### SUPPLIED DATA
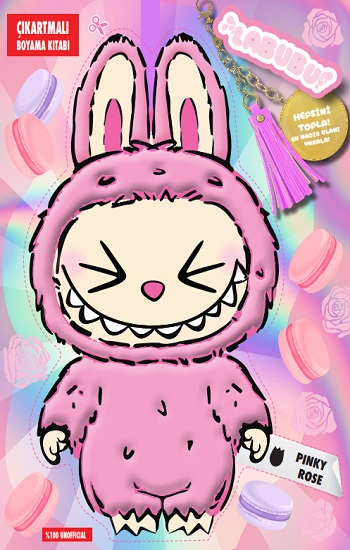 Labubu Pinky Rose Çılgın Koleksiyon – Çıkartmalı Boyama Kitabı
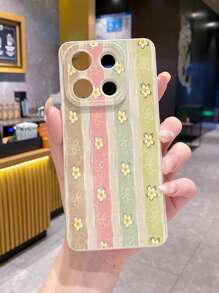 Ốp điện thoại họa tiết hoa sọc, chống rơi vỡ, tương thích với iPhone/Galaxy/Infinix/Redmi/OPPO/VIVO/Realme, phiên bản quốc tế, không phải phiên bản nội địa. - Màu be - Xem 3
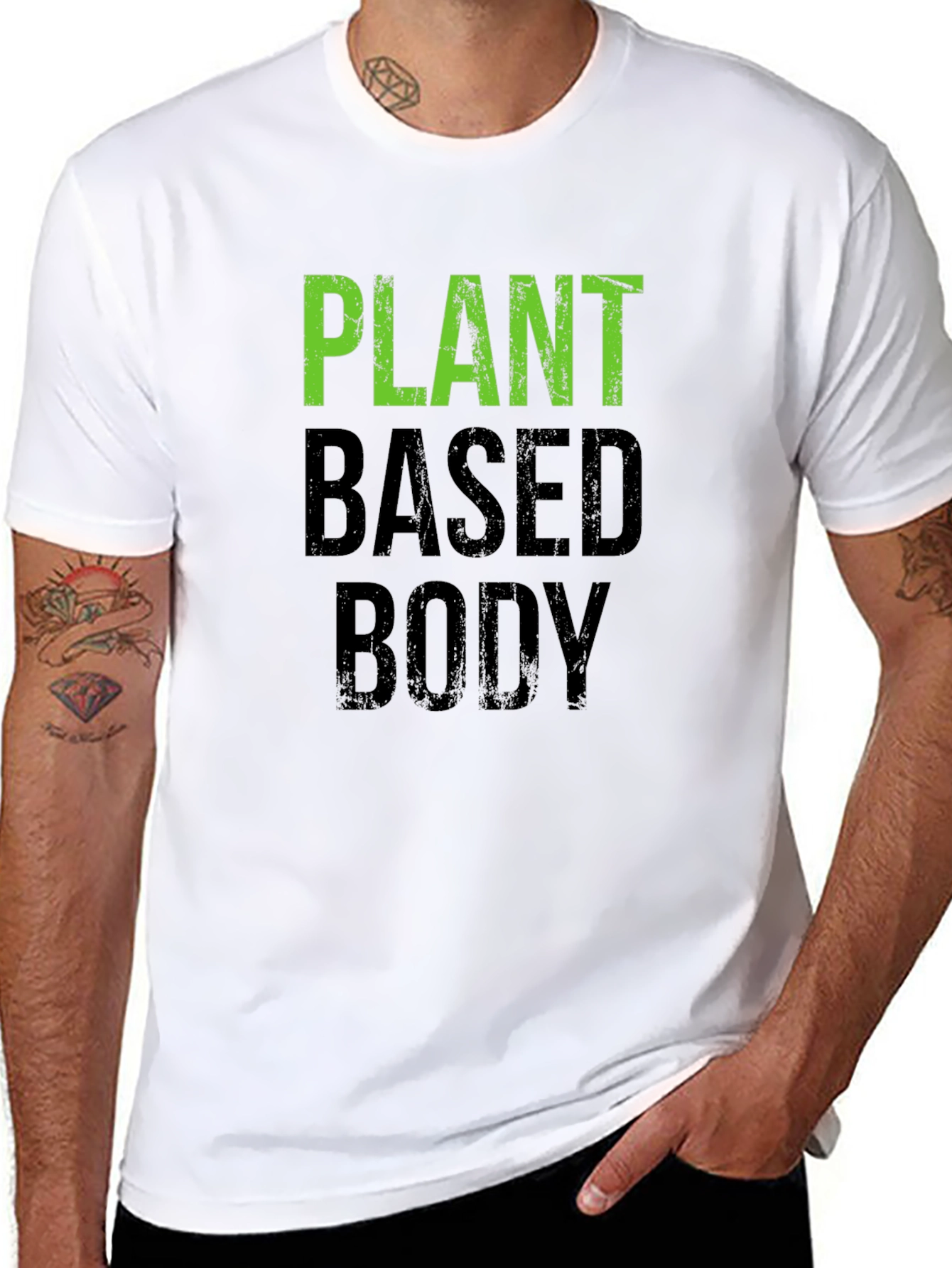 Black Plant Based Body T-Shirt - Vegan Fitness Apparel view 8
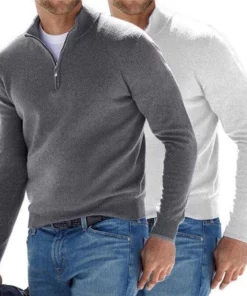 Suéter básico de cachemir con cremallera para hombre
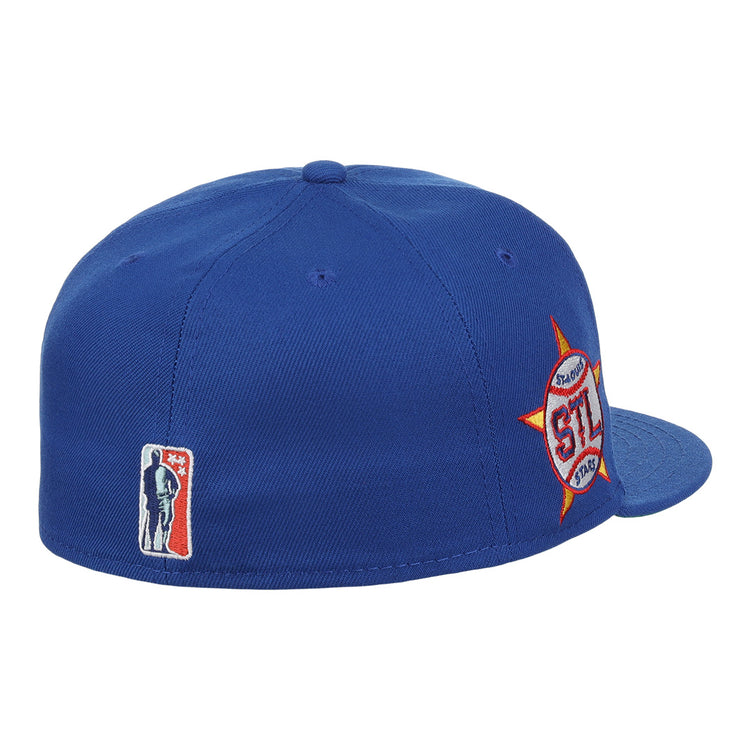 The EFF St. Louis Stars NLB Team Color Fitted Ballcap features a royal blue design with a red, white, and orange side logo and a small player logo on the back, honoring the Negro National League in vintage style.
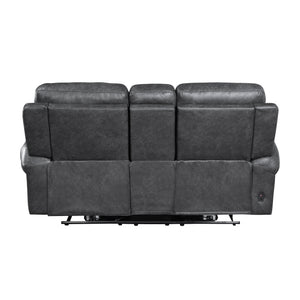 9488GY-2PW Power Double Reclining Love Seat with Center Console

### PROBLEM
Make an exact copy of the whole listing, but don't bring over any pictures.

### RESPONSE TO THE TASK
 Labubu Pinky Rose Çılgın Koleksiyon – Çıkartmalı Boyama Kitabı
 Ốp điện thoại họa tiết hoa sọc, chống rơi vỡ, tương thích với iPhone/Galaxy/Infinix/Redmi/OPPO/VIVO/Realme, phiên bản quốc tế, không phải phiên bản nội địa. - Màu be - Xem 3
 Black Plant Based Body T-Shirt - Vegan Fitness Apparel view 8
 Suéter básico de cachemir con cremallera para hombre
 The EFF St. Louis Stars NLB Team Color Fitted Ballcap features a royal blue design with a red, white, and orange side logo and a small player logo on the back, honoring the Negro National League in vintage style.
 9488GY-2PW Power Double Reclining Love Seat with Center Console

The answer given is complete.